The resulting $81 million project ($45 million in hard construction) became a model of historic restoration, bringing together experts in design, construction, and specialty trades, and backed by local preservation incentives and historic-preservation tax credits, both federal and state. “It was a huge bundling of factors,” Rutledge says.
Rutledge and Hanbury project manager Richard Rusinak, AIA, committed to saving the defining features of the hotel, designed by Norfolk architect Clarence Neff, who oversaw much of the city’s architecture. Neff had begun with an innovative Y shape, which gives the hotel an “incredibly efficient floorplan,” Rutledge says, and ocean views from almost every room.

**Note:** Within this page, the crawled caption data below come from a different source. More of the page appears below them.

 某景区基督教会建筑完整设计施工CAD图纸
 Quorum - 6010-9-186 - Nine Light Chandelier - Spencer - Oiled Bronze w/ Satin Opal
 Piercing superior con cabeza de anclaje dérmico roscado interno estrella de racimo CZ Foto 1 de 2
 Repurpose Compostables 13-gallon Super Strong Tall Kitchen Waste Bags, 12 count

Rusinak and Rutledge also oversaw an exacting restoration of the Cavalier’s major construction features: the masonry and cast-stone exterior and a beautiful interior of ornamental ironwork, decorative plaster, wood paneling, and terrazzo. “We identified, retained, and restored those,” Rutledge says. Fortunately, the first floor was historically intact, with all the original materials in different degrees of degradation, which set the hotel’s overall design for the project.

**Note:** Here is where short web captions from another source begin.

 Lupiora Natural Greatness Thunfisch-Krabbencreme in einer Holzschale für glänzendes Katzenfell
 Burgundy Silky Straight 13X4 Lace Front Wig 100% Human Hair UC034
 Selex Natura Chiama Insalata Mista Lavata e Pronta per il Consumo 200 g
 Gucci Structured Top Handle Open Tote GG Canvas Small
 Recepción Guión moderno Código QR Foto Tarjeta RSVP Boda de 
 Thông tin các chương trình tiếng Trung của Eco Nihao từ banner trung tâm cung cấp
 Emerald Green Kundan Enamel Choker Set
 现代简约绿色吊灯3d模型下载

But the damage to the main floor, guestrooms, and basement, wrought by time and water, was astounding. The entire infrastructure—including plumbing, electrical work, and the security system—were unsalvageable. The former water tower—the six floors above the guest rooms—also was in deplorable condition.

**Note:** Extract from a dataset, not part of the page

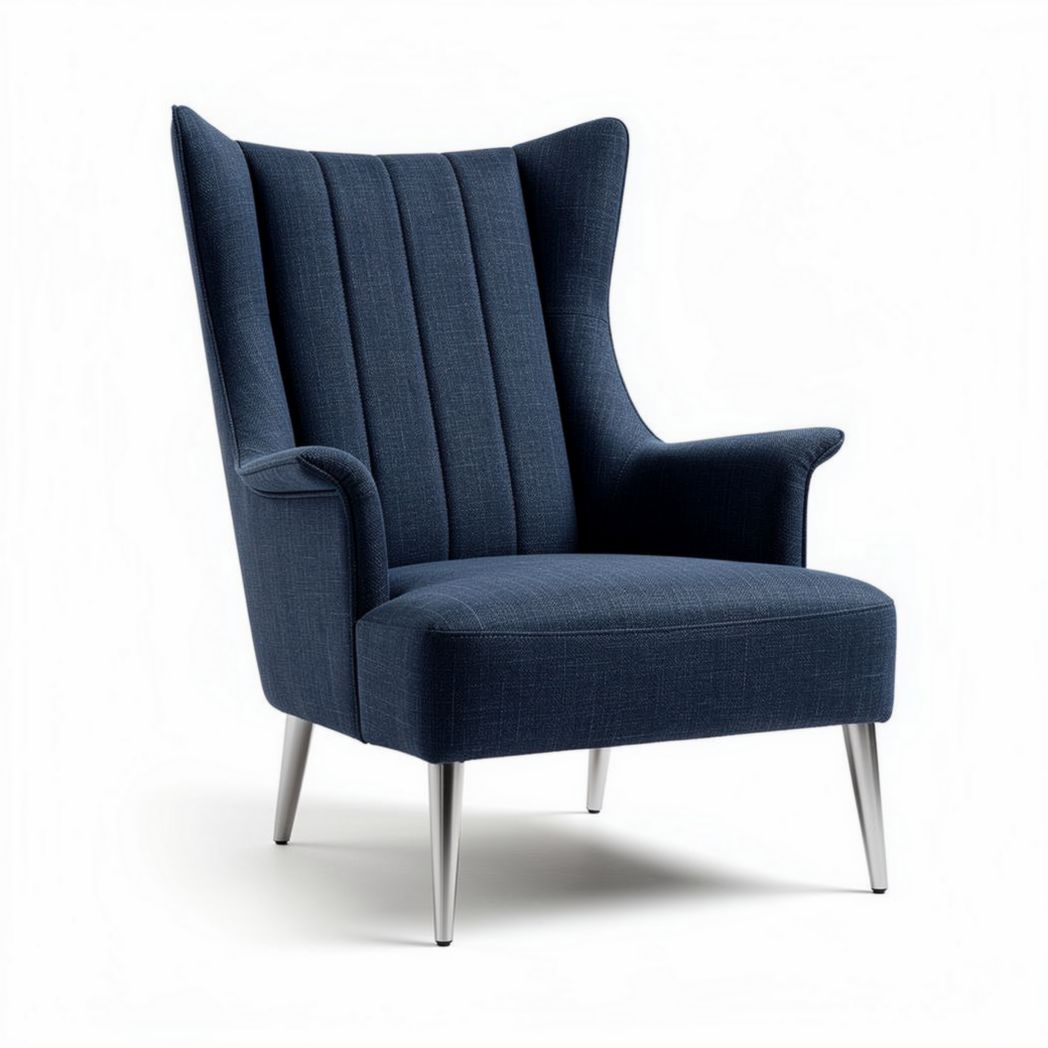 Houten gestoffeerde armstoel in donkerblauw met afmetingen 80 x 80 x 95cm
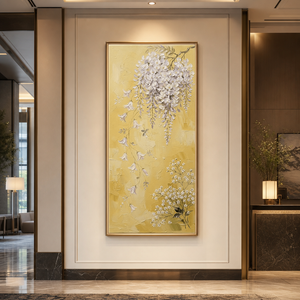 Elegant Vertical Wisteria and Baby's Breath Floral Wall Art, Soft Purple and White Cascading Blooms on Warm Yellow Background, Thick Impasto Textured Painting for Modern Home Decor Living Room Bedroom Office Dining Room Hallway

The biggest challenge was the building’s corroded structural steel frame. Columns had rusted and expanded, exerting pressure on the masonry. The repair—keeping steel members in place without disturbing to the masonry exterior and the historic interior walls—was meticulously designed, using a floor-by-floor process of transferring or re-supporting loads from above. In the tower, crews replaced the steel and pieced together each corner, and reinstalled the balustrades and cornices with proper flashing.
The combination of restoring original features, or replacing them with historically accurate copies, was a rigorous process that involved expert subcontractors, including masons and plasterers, who worked with general contractor W.M. Jordan Co. in Newport News. “So many people poured their heart and soul into this building,” Rutledge says.
The historic character of the ballroom, so memorable for many local residents, had been hidden during a past restoration. Rutledge took what he had on record—one photo of the original room and a tiny diagram that showed it as rectangular with a half-rounded end of the east side—to academic experts. A mystery unfolded: “We took down partitions, and lo and behold, the round cornice was still there; so we knew where the cornice and pilaster capitals were.” The saltwater swimming pool also was returned to 1920s ambiance, thanks to historic photos.
The 1920s-era Hunt Lounge (now a restaurant called the Hunt Room) featured the massive fireplace where cooks roasted clients’ game that they had hunted on site. “It was probably our biggest shock,” Rutledge says.
The fireplace, which had been covered in paneling, had settled and detached from the exterior wall. Crews also found a gaping hole in the masonry wall’s smoke chamber. “We couldn’t jack it up,” Rutledge says. “We dug and dug, and never found the foundation of the building.” He and the team were left to document the size of the fireplace “to the nth degree,” photographing it from every angle, and meticulously disassembling each row brick by brick, setting them on pallets. After three months of slavish work, every brick in the fireplace is exactly where it had been.
Near the Hunt Room is a last-minute add-on: a distillery. “We were under construction when our clients thought, ‘Wouldn’t it be cool to have a distillery?’” Rutledge says. “We put it in the old laundry room. We had to restructure the center of the building. It’s phenomenal.”